Most of the people in this book are very clever indeed, and they like to display it in their humour. Google’s senior engineer Jeff Dean is revered for his ability to wrangle large computer systems; Googlers say that the speed of light in a vacuum used to be 35mph, until Jeff Dean spent a weekend optimising physics. They quip that Dean’s PIN code is easy to hack – in theory. It is the last four digits of Pi.

The book isn’t organised this way, but Metz describes five phases in the rise of deep learning, which has brought AI to such prominent public attention. In the first phase, Marvin Minsky kills the neural net idea pioneered by Frank Rosenblatt. Minsky is something of a villain in this narrative. The second phase is Hinton’s Long March. The Chinese Communists only had to march for a year; poor Geoff Hinton had to keep his faith alive for three decades.

He was finally vindicated in the third phase, the AI Big Bang of 2012, when he and his students won the ImageNet competition for image recognition, which led to Google paying $44m for his company in a bidding war against Microsoft and Baidu. Even this was small beer compared with the $650m that Google then paid for DeepMind, a company with 50 employees and no revenues.

BERT

The fourth phase was the disappointment and disarray which set in over fake news, and bias in decision-making algorithms. This confusion was lifted slightly in the fifth phase by the arrival of BERT, which stands for bi-directional encoded transformers, a type of natural language processing AI which has produced astonishing results in translation, search, and prose composition.

It is slightly disappointing that Metz doesn’t try harder to explain how these technologies actually work.

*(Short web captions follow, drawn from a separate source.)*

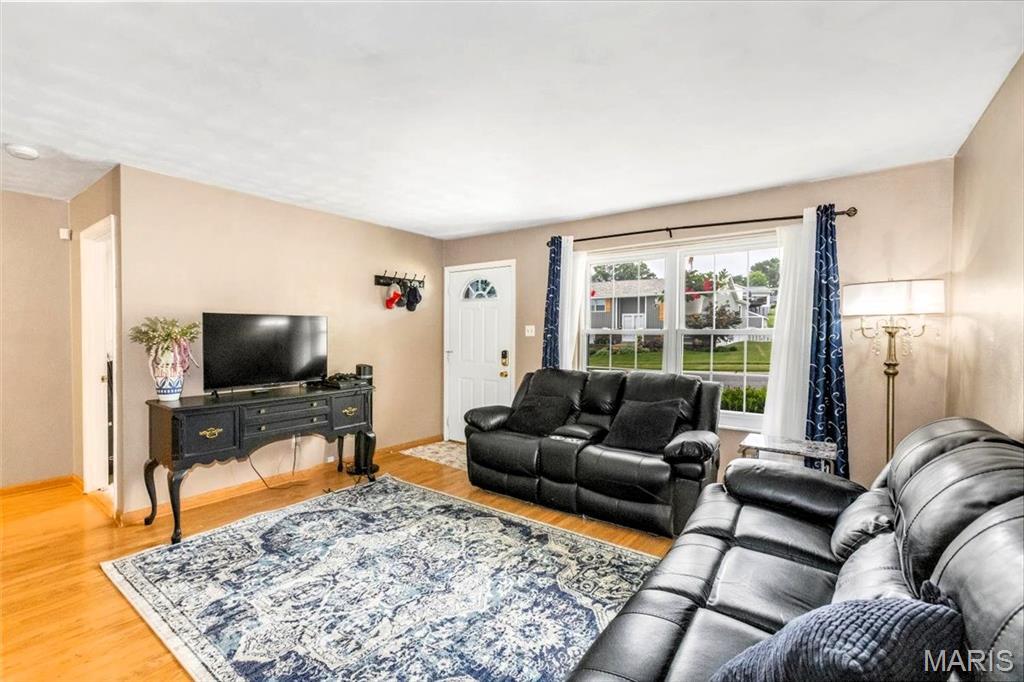 Property Photo: 5661 Chalet Hill Drive MO 63129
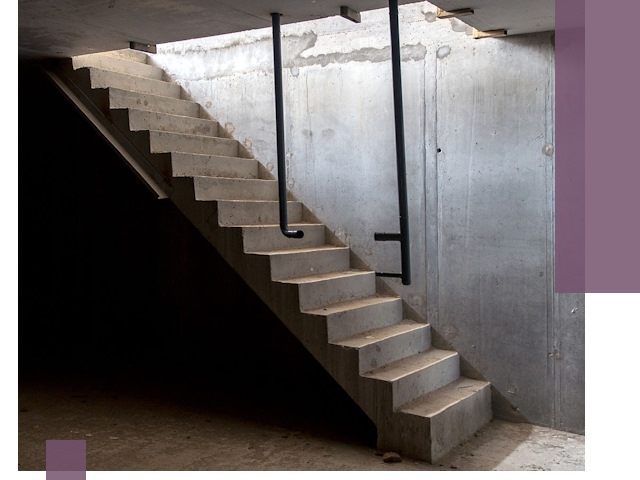 Изготовление и монтаж лестниц в подвале в Абакане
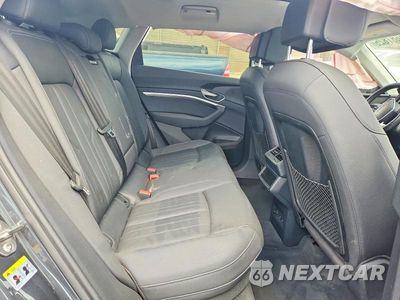 Zdjęcie 11 z 14 samochodu: 2021 AUDI E-TRON PREMIUM VIN:WA1AAAGE4MB013881 - miniatura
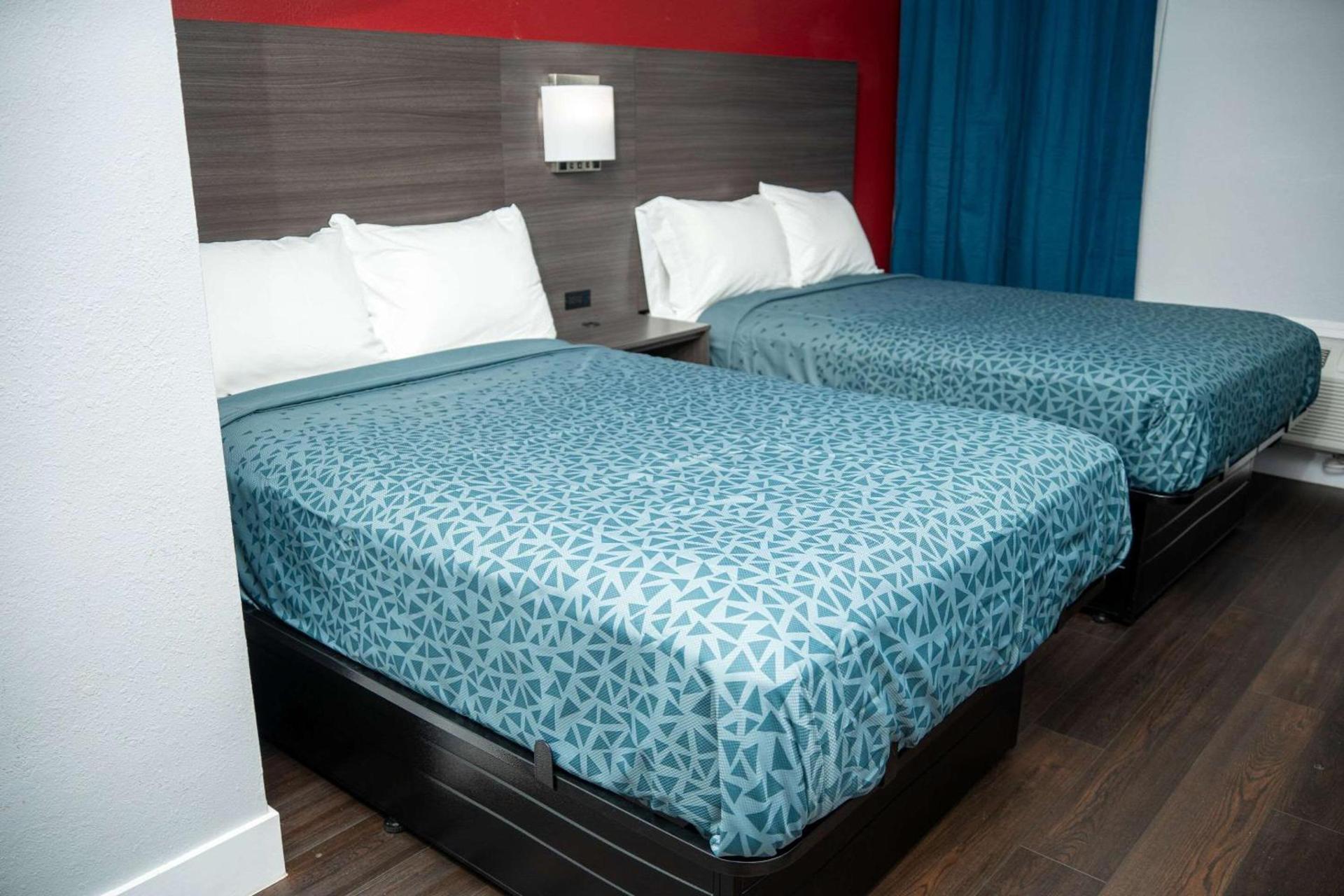 Econo Lodge Clarks Summit - Scranton photo 12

He echoes Richard Feynman’s comment that if he could explain the work that won him the Nobel Prize to a layperson, then it wouldn’t have been worth the Prize. But Feynman also said that if you can’t explain something in simple terms, then you haven’t really understood it.

Another quibble is that Metz never gives his own assessment of how far AI has really advanced. There is a fierce debate in AI circles about whether the technology has made genuine progress, or whether it is mostly hype. Some think artificial general intelligence is near, while others say that today’s systems show no sign of intelligence at all. Some of this boils down to people using different definitions of intelligence, but the answer is hugely significant. There is also resentment on the part of people who have been using the same tools for decades at being told there is a new kid on the block, just because the compute power available is vastly increased, and there is also a great deal more data. It would have been interesting to hear Metz’s thoughts on this.

Charming and moving

But the book is undeniably charming, and part of that charm is that Metz greatly likes and admires many of his characters. The elegiac final chapter featuring Hinton is genuinely moving. There are also characters about whom Metz is not so sure. Gary Marcus, the contrarian who continually denigrates the achievements of AI systems, is a “lovable narcissist”, and Metz seems none too keen on Google chairman Eric Schmidt, whom he describes as “addressing his audience as he always did—as if he knew more than anyone else in the room.” He also seems ambivalent about Facebook’s Mark Zuckerberg, who “has an almost robotic demeanour, blinking his eyes unusually often and, from time to time, making an unconscious clicking sound at the back of his throat that seems like some sort of glitch in the machine.”

The reader is left with an intriguing comparison between the world’s two most significant AI labs. Both of them have the avowed goal of creating artificial general intelligence. Both of them think this development is inevitable, and that it should be an overwhelmingly beneficial outcome for humanity. They differ about the timescale – but not by all that much, in the scheme of things. DeepMind’s CEO Demis Hassabis thinks AGI might arrive by the end of this century. OpenAI’s CEO Sam Altman thinks it will arrive much sooner, maybe within a couple of decades. If either of them is right, we should probably all be paying a lot more attention to the implications.